Member of the Kansas House of Representatives from the 87th district
- In office 2017–2018
- Preceded by: Mark Kahrs
- Succeeded by: Renee Erickson

Personal details
- Born: October 20, 1949 Wichita, Kansas, U.S.
- Died: November 14, 2021 (aged 72) Manhattan, Kansas, U.S.
- Party: Republican
- Spouse: Nancy Nachtigall (m. 1982)
- Children: 3
- Alma mater: Baker University; Wichita State University

= Roger Elliott (politician) =

American politician (1949–2021)

Roger A. Elliott (October 20, 1949 – November 14, 2021) was an American politician who served in the Kansas House of Representatives as a Republican from the 87th district for one term, in 2017 and 2018.

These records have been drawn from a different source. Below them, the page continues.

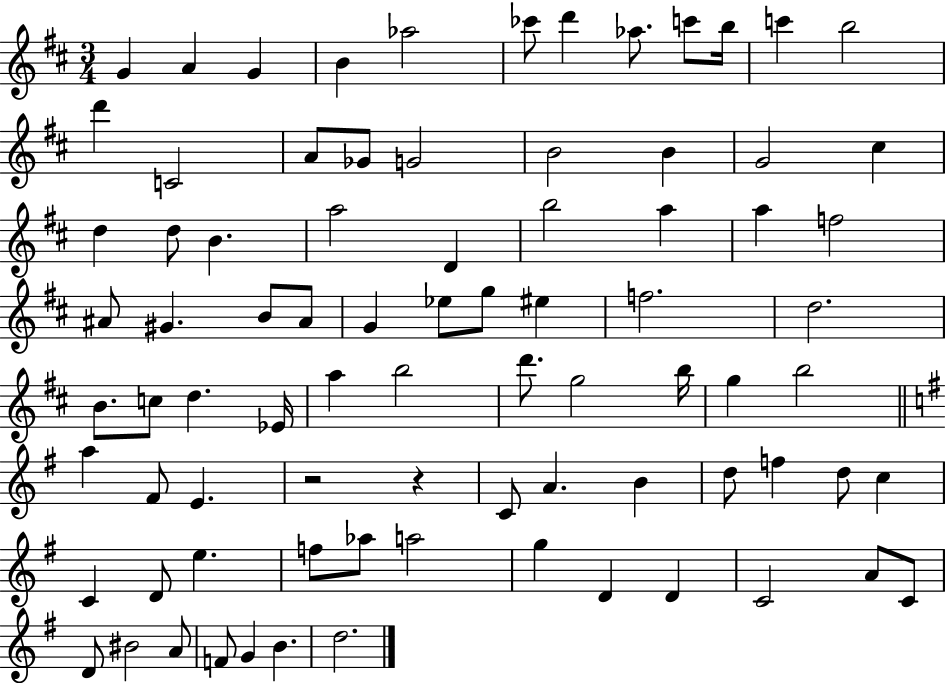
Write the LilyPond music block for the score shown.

{
  \clef treble
  \numericTimeSignature
  \time 3/4
  \key d \major
  g'4 a'4 g'4 | b'4 aes''2 | ces'''8 d'''4 aes''8. c'''8 b''16 | c'''4 b''2 | \break d'''4 c'2 | a'8 ges'8 g'2 | b'2 b'4 | g'2 cis''4 | \break d''4 d''8 b'4. | a''2 d'4 | b''2 a''4 | a''4 f''2 | \break ais'8 gis'4. b'8 ais'8 | g'4 ees''8 g''8 eis''4 | f''2. | d''2. | \break b'8. c''8 d''4. ees'16 | a''4 b''2 | d'''8. g''2 b''16 | g''4 b''2 | \break \bar "||" \break \key g \major a''4 fis'8 e'4. | r2 r4 | c'8 a'4. b'4 | d''8 f''4 d''8 c''4 | \break c'4 d'8 e''4. | f''8 aes''8 a''2 | g''4 d'4 d'4 | c'2 a'8 c'8 | \break d'8 bis'2 a'8 | f'8 g'4 b'4. | d''2. | \bar "|."
}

Elliott was born in Wichita, Kansas, where he graduated from high school in 1967. He attended Baker University for a time, and served in the Kansas Air National Guard; he transferred colleges and graduated from Wichita State University in 1976. He spent his career in banking, retiring as a Senior Vice President at CornerBank in 2012. In 2016, Elliott was elected to the Kansas House from the 87th district. He served for one term, and declined to run for re-election in 2018. Elliott died in 2021.